1.14 SYNTHESIS-DRIVEN RULES

§ There should be no gate or behavioral code instantiated at the chip top level or core top level.

No synthesizable code or hand-instantiated gates should be placed in the very top level modules of the design.

§ The RTL code should be completely synthesizable

No code between “//synopsys translate off” and “//synopsys translate_on” pragmas is not allowed. Such structures are used sometimes for functionality monitoring and error detection during verification. These structures will be synthesized out of the netlist and will not be present during gate level simulations. Formal verification/rule-checking might violate this rule. In this case, some stringent rules about assertions should be followed.

§ Signals can only be driven by one procedural statement

If more than one assignment or always statement can change the value of a net, that net has multiple drivers. The synthesis will result in unwanted contention.

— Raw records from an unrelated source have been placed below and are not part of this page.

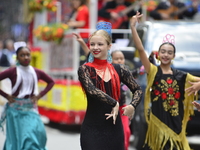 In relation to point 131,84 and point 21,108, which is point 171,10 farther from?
point 131,84

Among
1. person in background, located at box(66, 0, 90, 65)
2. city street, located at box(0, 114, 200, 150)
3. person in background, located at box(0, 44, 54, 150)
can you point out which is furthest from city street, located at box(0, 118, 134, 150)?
person in background, located at box(0, 44, 54, 150)

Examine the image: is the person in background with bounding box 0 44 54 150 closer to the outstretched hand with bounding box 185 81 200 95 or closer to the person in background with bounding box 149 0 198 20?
the outstretched hand with bounding box 185 81 200 95

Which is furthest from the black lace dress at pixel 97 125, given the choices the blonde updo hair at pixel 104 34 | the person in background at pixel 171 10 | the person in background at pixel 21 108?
the person in background at pixel 171 10

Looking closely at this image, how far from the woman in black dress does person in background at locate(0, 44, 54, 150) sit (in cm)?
217

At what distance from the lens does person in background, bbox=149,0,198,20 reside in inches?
494

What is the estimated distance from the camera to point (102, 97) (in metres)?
4.90

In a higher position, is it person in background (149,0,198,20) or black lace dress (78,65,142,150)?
person in background (149,0,198,20)

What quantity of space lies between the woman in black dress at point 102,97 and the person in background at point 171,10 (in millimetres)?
7437

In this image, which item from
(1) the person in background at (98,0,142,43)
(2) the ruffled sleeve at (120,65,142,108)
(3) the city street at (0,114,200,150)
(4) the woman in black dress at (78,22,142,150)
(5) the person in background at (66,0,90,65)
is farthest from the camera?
(1) the person in background at (98,0,142,43)

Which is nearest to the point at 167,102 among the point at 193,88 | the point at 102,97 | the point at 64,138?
the point at 193,88

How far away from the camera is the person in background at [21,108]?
7.14 meters

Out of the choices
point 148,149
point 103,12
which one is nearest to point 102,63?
point 148,149

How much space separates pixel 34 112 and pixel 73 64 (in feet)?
14.3

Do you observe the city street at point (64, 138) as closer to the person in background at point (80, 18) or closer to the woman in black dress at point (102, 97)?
the person in background at point (80, 18)
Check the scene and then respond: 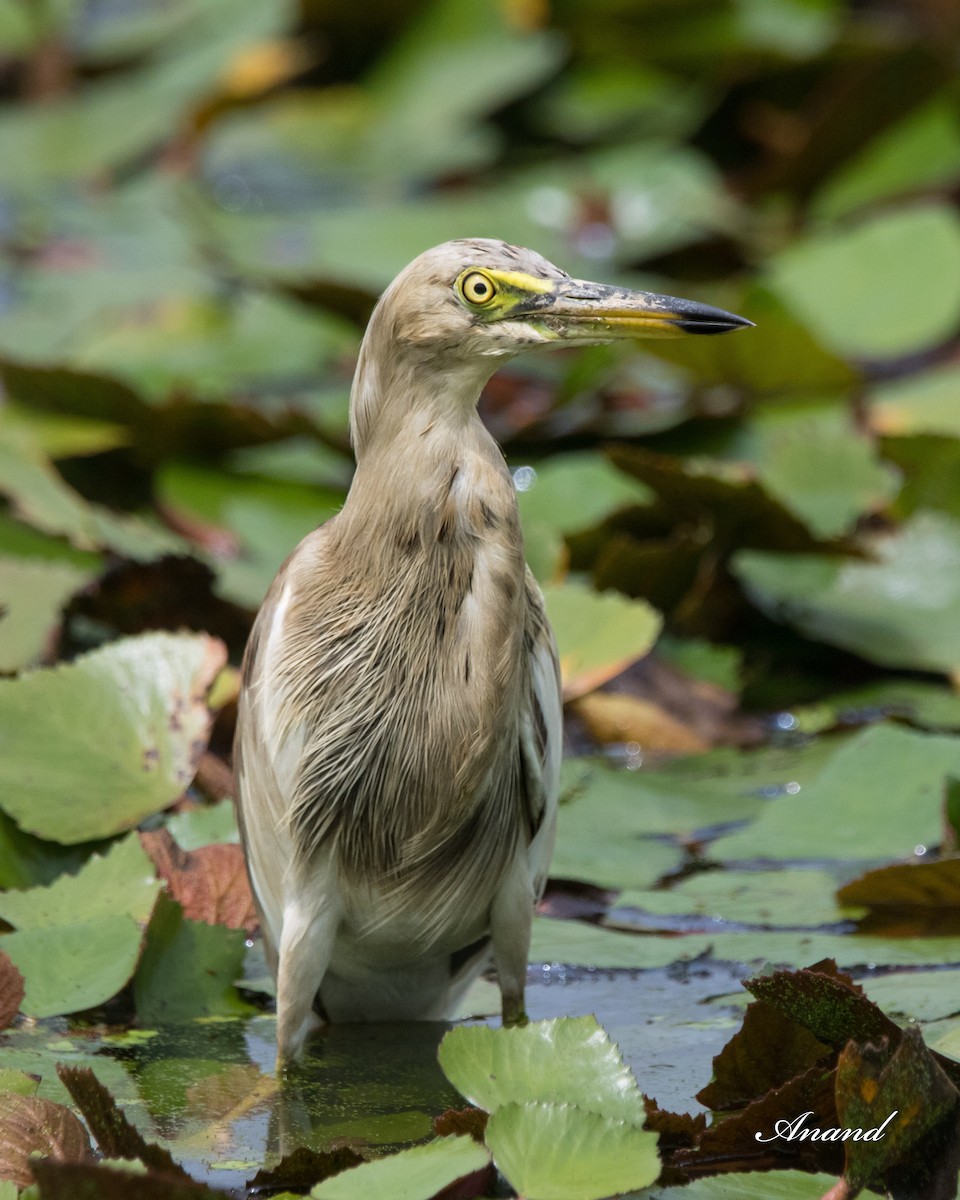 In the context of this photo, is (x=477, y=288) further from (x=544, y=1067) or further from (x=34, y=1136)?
(x=34, y=1136)

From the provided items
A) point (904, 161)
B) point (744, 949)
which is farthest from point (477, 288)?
point (904, 161)

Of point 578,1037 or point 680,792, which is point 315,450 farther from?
point 578,1037

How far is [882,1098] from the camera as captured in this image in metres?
2.20

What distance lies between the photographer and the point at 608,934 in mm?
3219

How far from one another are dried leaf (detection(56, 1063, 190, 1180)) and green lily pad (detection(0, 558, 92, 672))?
1.60 metres

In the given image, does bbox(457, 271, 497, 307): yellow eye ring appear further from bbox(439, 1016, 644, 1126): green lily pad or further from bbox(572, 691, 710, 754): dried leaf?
bbox(572, 691, 710, 754): dried leaf

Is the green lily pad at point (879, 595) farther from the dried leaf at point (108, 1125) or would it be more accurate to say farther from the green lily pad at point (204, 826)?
the dried leaf at point (108, 1125)

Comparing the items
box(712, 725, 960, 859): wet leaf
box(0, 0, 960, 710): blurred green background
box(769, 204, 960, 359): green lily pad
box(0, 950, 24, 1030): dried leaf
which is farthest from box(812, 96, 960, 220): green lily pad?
box(0, 950, 24, 1030): dried leaf

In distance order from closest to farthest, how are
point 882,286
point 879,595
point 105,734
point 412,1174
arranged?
point 412,1174
point 105,734
point 879,595
point 882,286

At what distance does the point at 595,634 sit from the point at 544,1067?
1.55 metres

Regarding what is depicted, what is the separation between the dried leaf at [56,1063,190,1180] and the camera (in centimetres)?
221

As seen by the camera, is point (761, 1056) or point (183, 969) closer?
point (761, 1056)

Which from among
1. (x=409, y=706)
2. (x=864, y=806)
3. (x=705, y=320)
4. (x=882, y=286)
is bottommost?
(x=864, y=806) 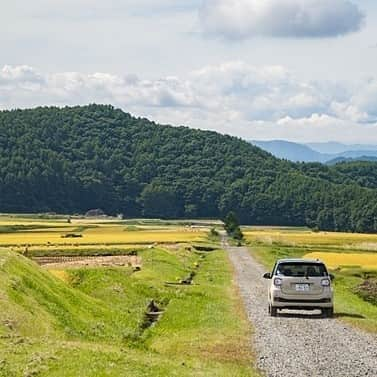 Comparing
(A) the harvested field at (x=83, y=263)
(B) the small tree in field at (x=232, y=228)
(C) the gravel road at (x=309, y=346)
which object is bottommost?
(B) the small tree in field at (x=232, y=228)

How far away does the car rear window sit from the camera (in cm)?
2852

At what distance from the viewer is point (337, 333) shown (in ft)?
77.1

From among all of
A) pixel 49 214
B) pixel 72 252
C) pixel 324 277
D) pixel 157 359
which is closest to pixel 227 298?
pixel 324 277

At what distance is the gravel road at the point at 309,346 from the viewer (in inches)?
674

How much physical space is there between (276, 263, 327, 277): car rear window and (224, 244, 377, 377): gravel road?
147cm

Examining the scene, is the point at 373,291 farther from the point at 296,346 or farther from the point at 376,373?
the point at 376,373

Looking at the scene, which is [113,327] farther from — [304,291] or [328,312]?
[328,312]

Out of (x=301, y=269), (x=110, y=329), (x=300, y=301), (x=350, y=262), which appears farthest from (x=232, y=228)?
(x=110, y=329)

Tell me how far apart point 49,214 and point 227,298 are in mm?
159055

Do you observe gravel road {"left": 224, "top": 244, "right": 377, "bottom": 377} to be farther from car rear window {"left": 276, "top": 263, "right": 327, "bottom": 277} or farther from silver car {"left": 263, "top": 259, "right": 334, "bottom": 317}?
car rear window {"left": 276, "top": 263, "right": 327, "bottom": 277}

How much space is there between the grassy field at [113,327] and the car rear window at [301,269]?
2052 millimetres

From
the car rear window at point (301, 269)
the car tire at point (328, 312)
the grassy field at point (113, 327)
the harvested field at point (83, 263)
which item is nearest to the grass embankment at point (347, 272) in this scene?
the car tire at point (328, 312)

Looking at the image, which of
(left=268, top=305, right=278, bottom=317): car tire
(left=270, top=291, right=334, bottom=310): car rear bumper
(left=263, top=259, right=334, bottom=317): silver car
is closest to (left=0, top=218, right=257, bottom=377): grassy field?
(left=268, top=305, right=278, bottom=317): car tire

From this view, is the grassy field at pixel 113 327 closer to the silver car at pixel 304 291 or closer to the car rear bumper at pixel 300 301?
the car rear bumper at pixel 300 301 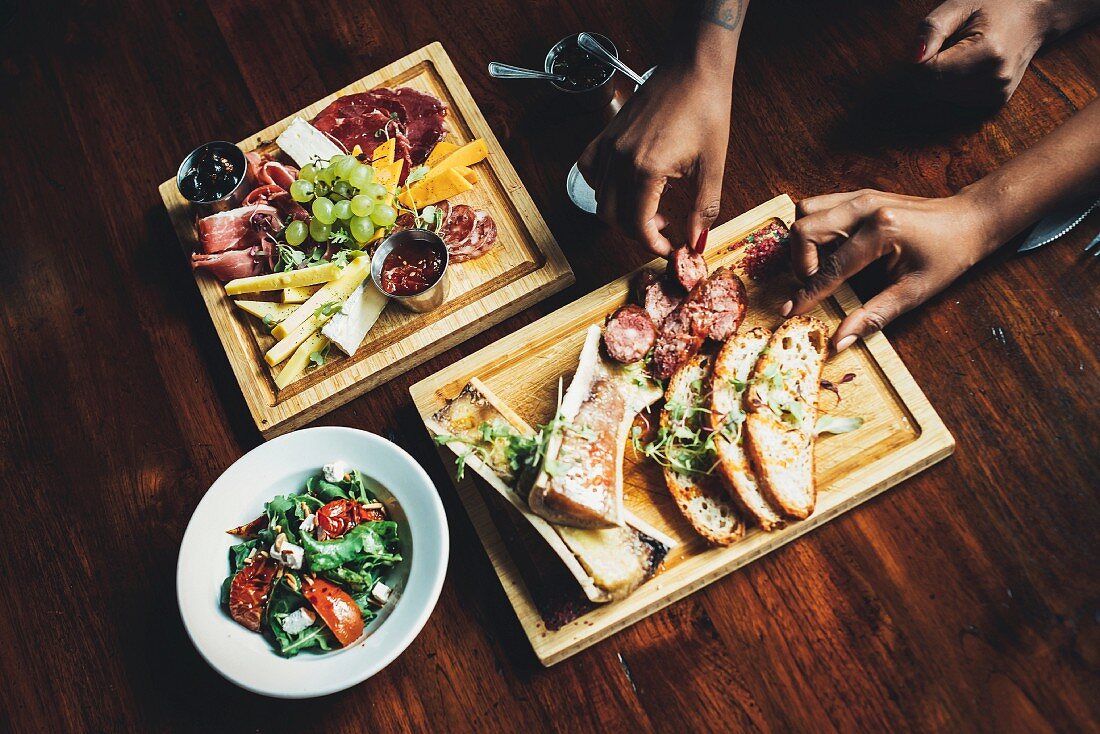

§ Buffer Trees should be built by the Place and Route tools

Clock, reset and scan enable buffer trees should all be built by the backend tools

WHY: The Physical Design Centers can process the design faster if the tree is left out of the netlist shipped to them. They can typically get better results in an Apollo/Saturn (Jupiter?) flow than netlist-inserted trees can provide.

§ Each net must be driven by one and only one cell.

If this condition occurs, the RTL code must be modified to correct the error.

WHY: Delay modeling does not correctly handle this case.

§ Leave extra margin on global/inter-module signals

WHY: Typically, these are the slowest and most unpredictable timing signals. If possible, make them timing insensitive.

§ Structural (gate) instantiation in the RTL code should be avoided or inserted using the “gate_” prefix in the instance name.

All explicit instantiations of foundry-specific gate or generic primitives should be avoided in the RTL code.

WHY: These gates will directly impact simulation durations and therefore are fundamentally op-posed to the RTL philosophy. In addition, they can artificially restrict synthesis from solving timing issues.

ALLOWED VIOLATIONS: For clock logic and possibly reset or test logic. If it is necessary to hand-instantiate gates in the design, these gates should be named with a “gate_” prefix in the instance name to allow easy identification for Synopsys don’t_touch commands.

§ Do not mix structural (gate) instantiation and RTL code in the same module.

WHY: this makes module synthesis easier. Often don’t_touch on gate instantiations can result in the intended gates being bypassed even though they are not removed. Exact behavior is guaranteed if the 2 are kept separate.

§ Tied inputs in modules using the “gate_” prefix should use TIEHI and TIELO (not 1’b1, 1’b0).

To protect internal logic from ESD, any gate-level modules that are instantiated in the RTL code should use TIEHI and TIELO for inputs tied to constants.

§ Signals must be defined only in non-dependent processes

A signal cannot be defined and assigned in a process in which it is also in the sensitivity list.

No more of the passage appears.